▽
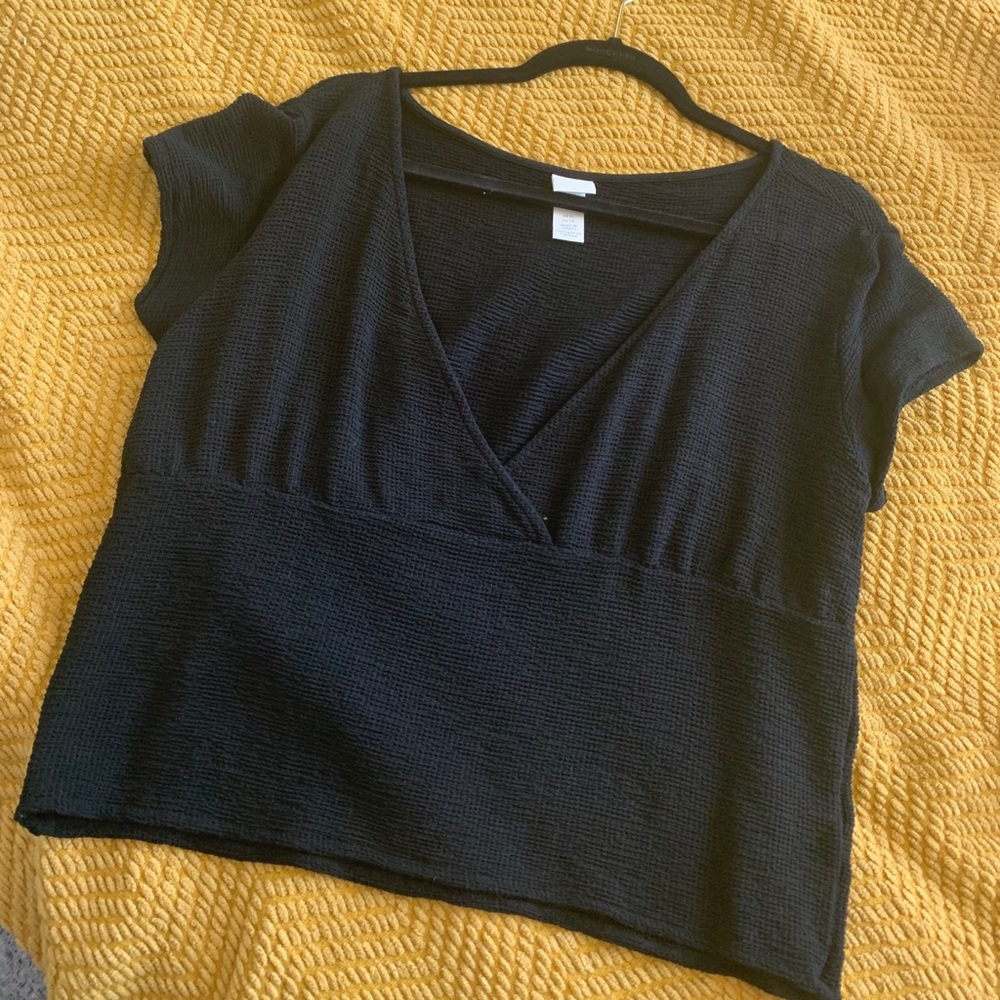 Black cropped shirt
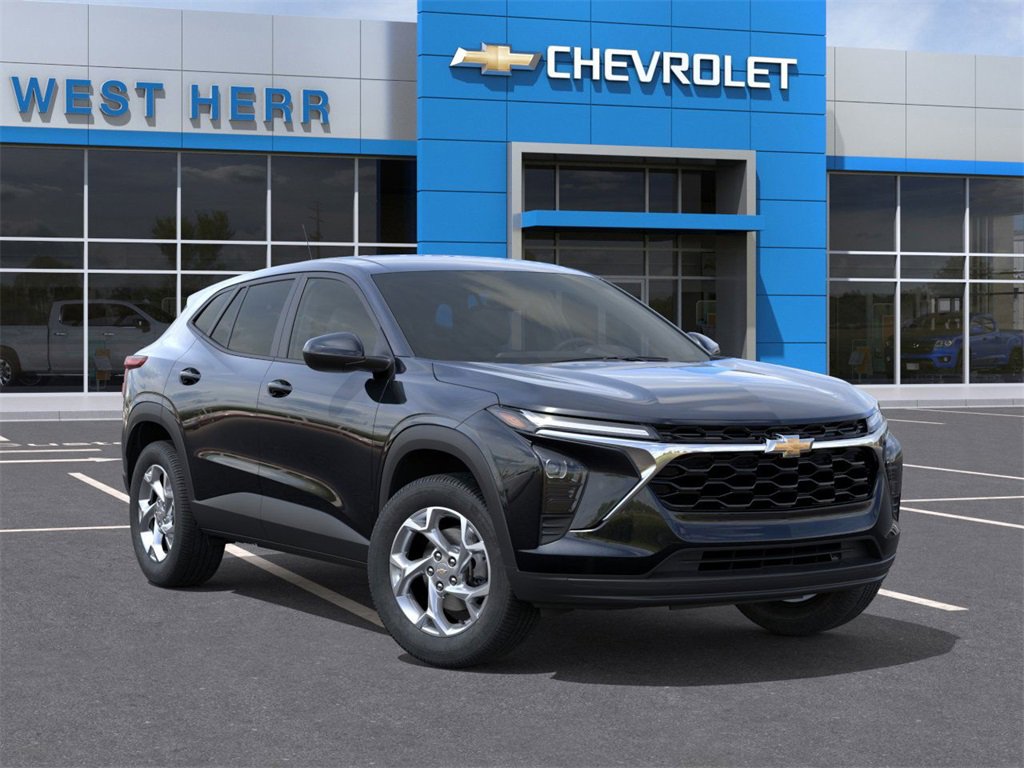 2026 Chevrolet Trax LS photo 3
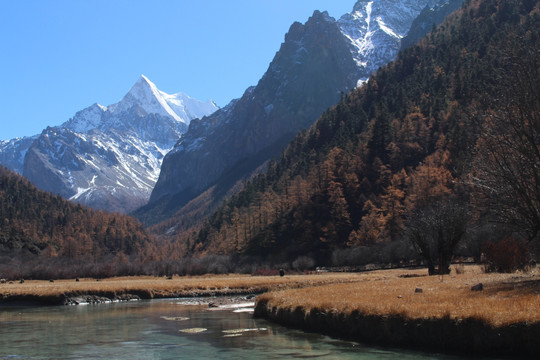 高山湖泊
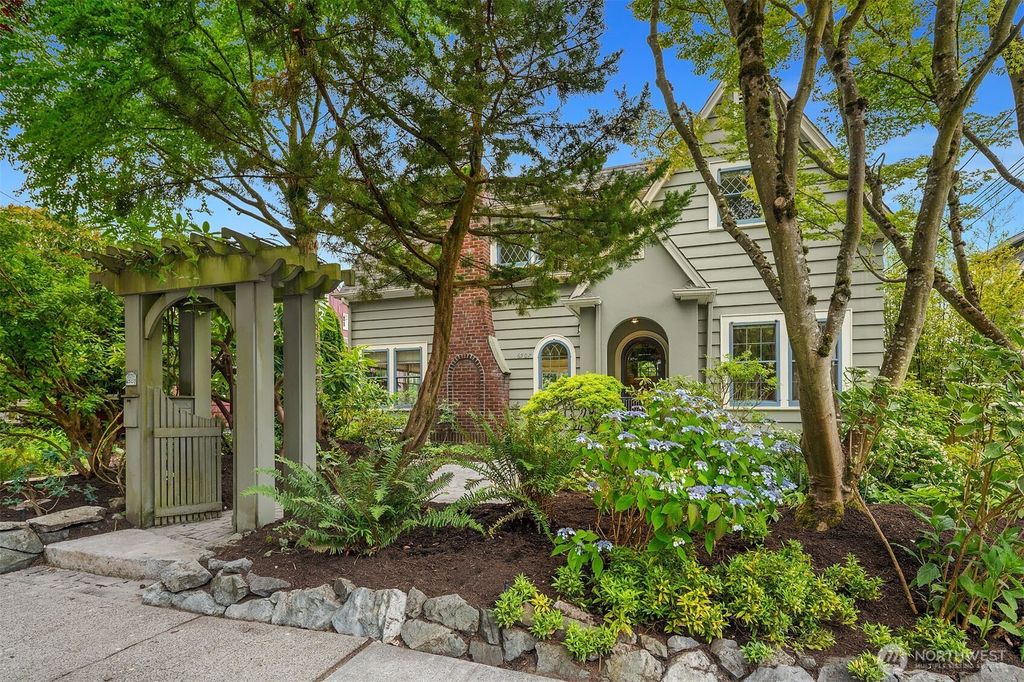 Photo of 6507 1st Avenue NW, Seattle, WA 98117 (MLS # 2389593)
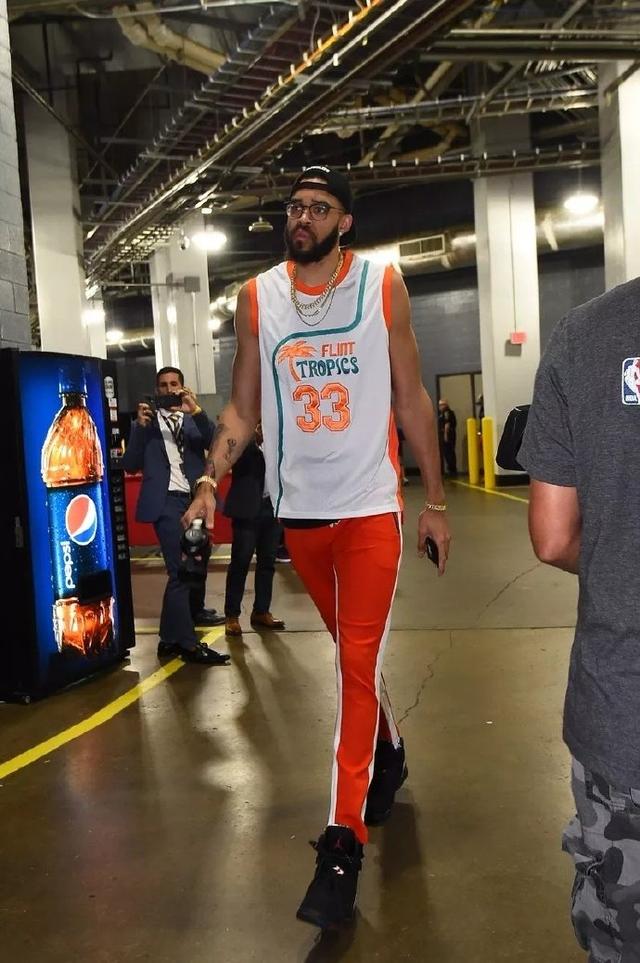 吉拉西多特生涯欧冠已打入15球，队史仅次于罗伊斯和莱万（欧冠为多特破门15次，吉拉西队史仅次罗伊斯与莱万）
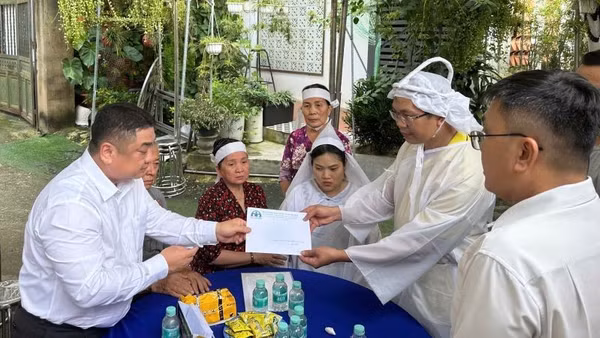 Đại diện Ban An toàn giao thông Thành phố Hồ Chí Minh động viên và trao hỗ trợ cho gia đình các nạn nhân.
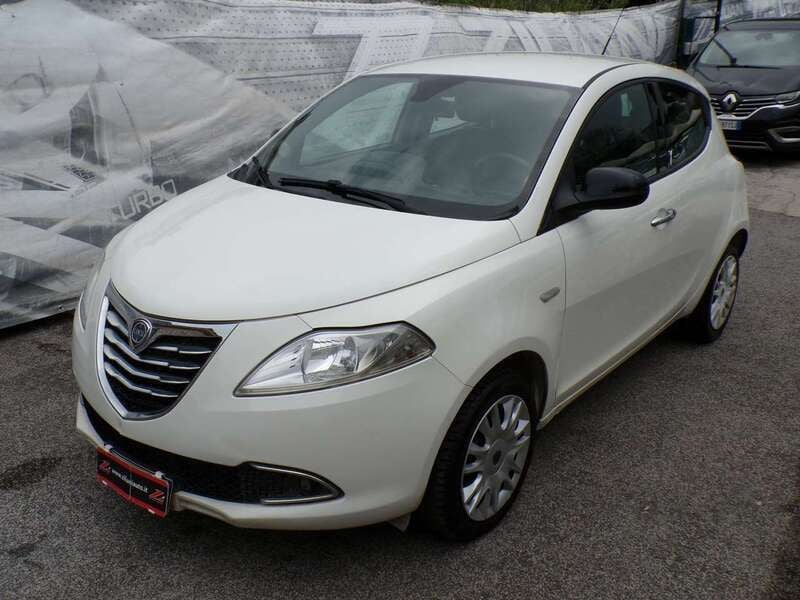 Usata Lancia Ypsilon 95 CV (69 kW) 2012 Bianco Utilitaria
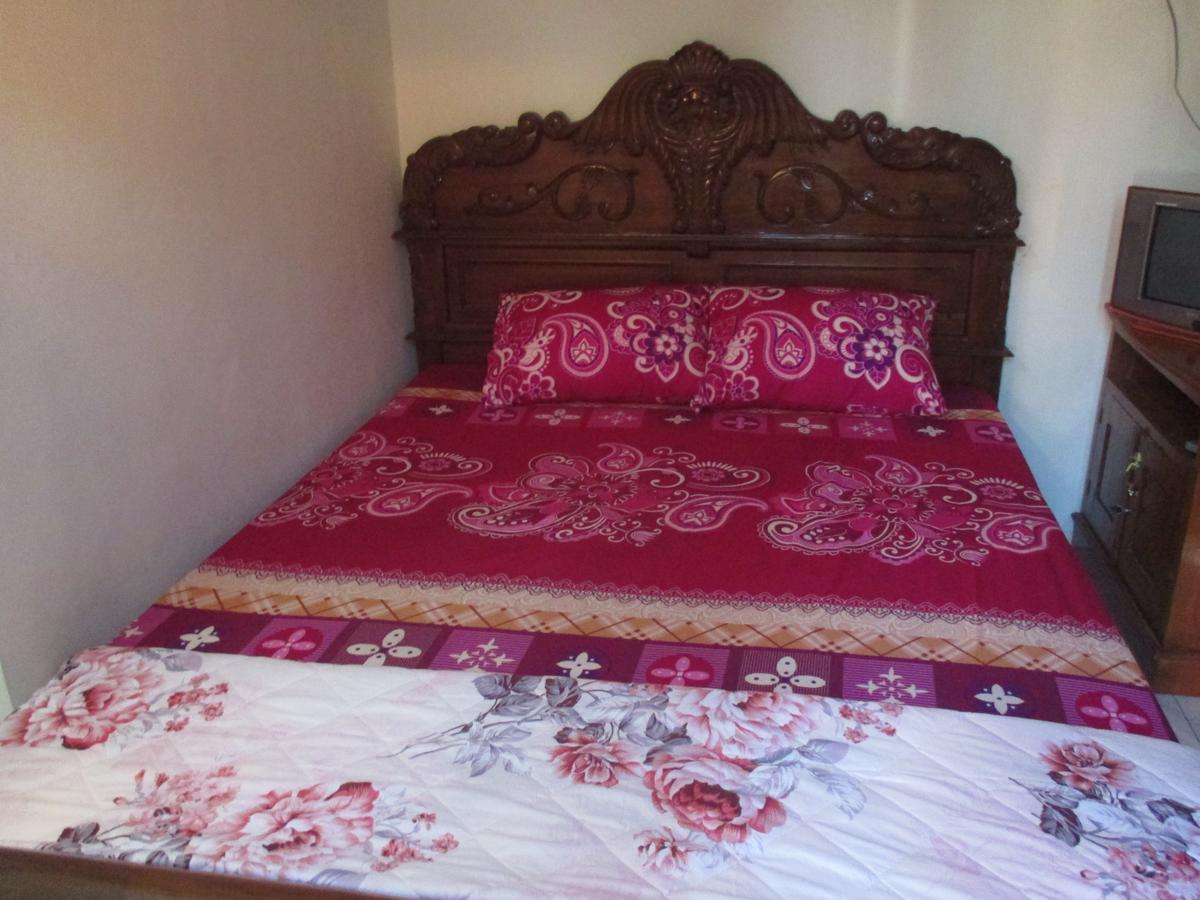 Rumah Ukhi Guest House Cebongan エクステリア 写真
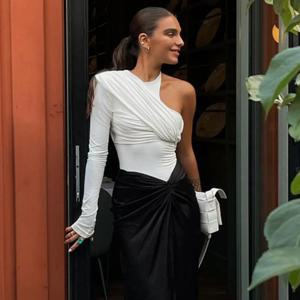 2025 슬림 클럽 파티 바디수트 하이웨이스트 언밸런스 바디수트 섹시 백리스 트위스트 스트릿웨어 원숄더 롱 슬리브 탑 19493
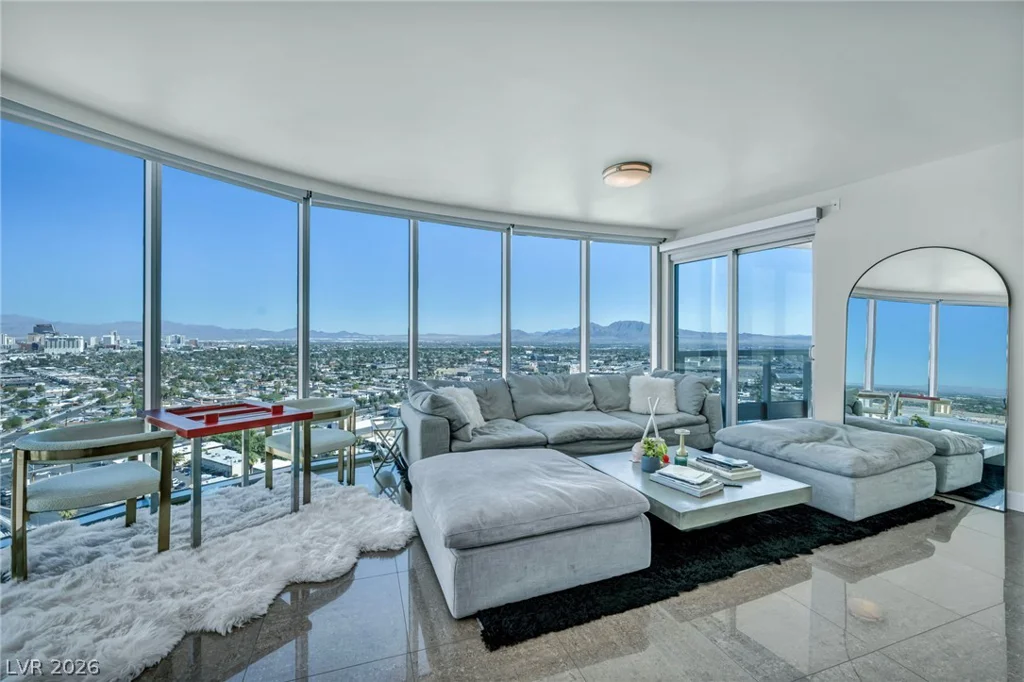 322 Karen, Las Vegas, NV 89109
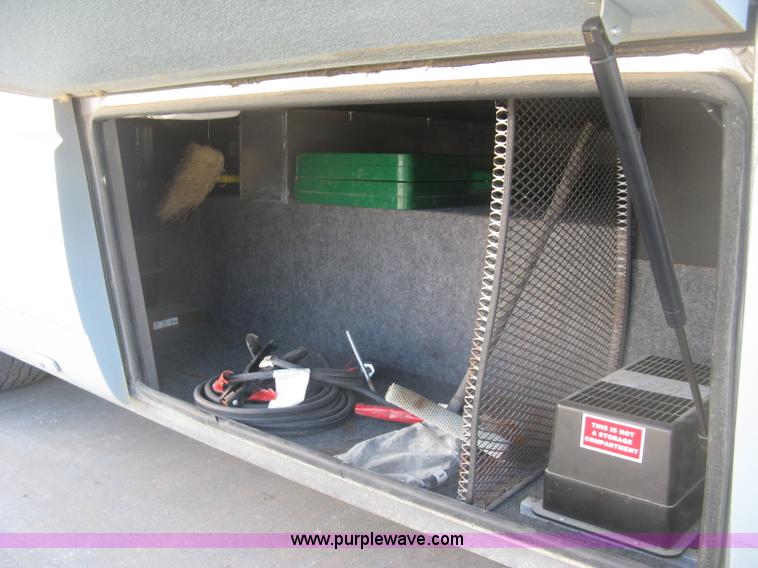 image for item K2972 1999 Ford 6350 Tropi-Cal RV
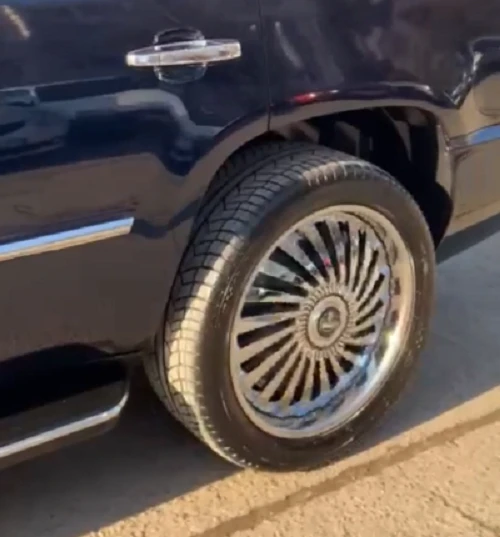 ���� � ������ 265/35R22 | Mobile.bg � ����������� 2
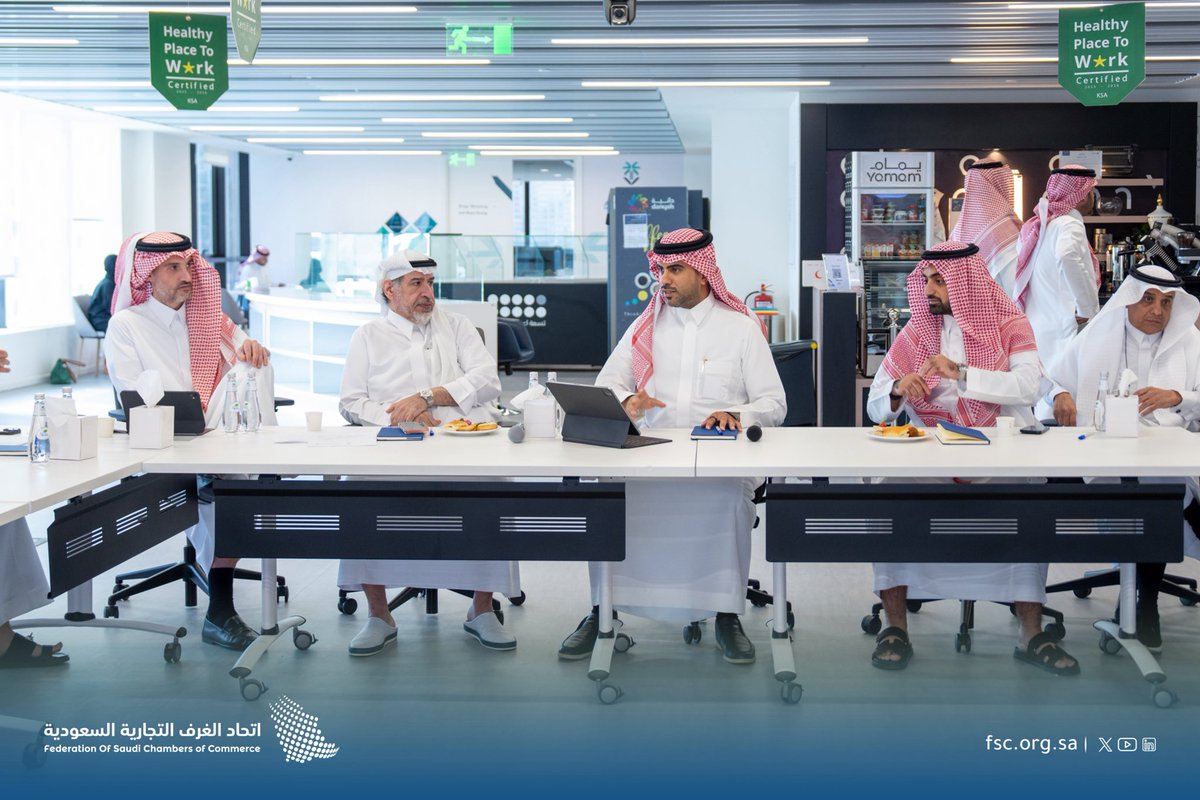 FSC_KSA's tweet photo. شاركت لجنتا "التطوير العقاري" برئاسة أ. بندر العامري، و"الخدمات العقارية" برئاسة أ. عبدالملك الدرويش، في ورشة عمل مشتركة مع وزارة البلديات والإسكان والهيئة العامة للعقار؛ لاستعراض مرئيات القطاع حول اللائحة التنفيذية لرسوم العقارات الشاغرة ومقترحات تطويرها، بما يسهم في تعزيز كفاءة السوق العقاري ورفع تنافسيته.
△
Pictures are to be omitted. Output verbatim only the lines from the one holding "322 Karen, Las Vegas, NV 89109" through the end of the material, both included.

 322 Karen, Las Vegas, NV 89109
 image for item K2972 1999 Ford 6350 Tropi-Cal RV
 ���� � ������ 265/35R22 | Mobile.bg � ����������� 2
 FSC_KSA's tweet photo. شاركت لجنتا "التطوير العقاري" برئاسة أ. بندر العامري، و"الخدمات العقارية" برئاسة أ. عبدالملك الدرويش، في ورشة عمل مشتركة مع وزارة البلديات والإسكان والهيئة العامة للعقار؛ لاستعراض مرئيات القطاع حول اللائحة التنفيذية لرسوم العقارات الشاغرة ومقترحات تطويرها، بما يسهم في تعزيز كفاءة السوق العقاري ورفع تنافسيته.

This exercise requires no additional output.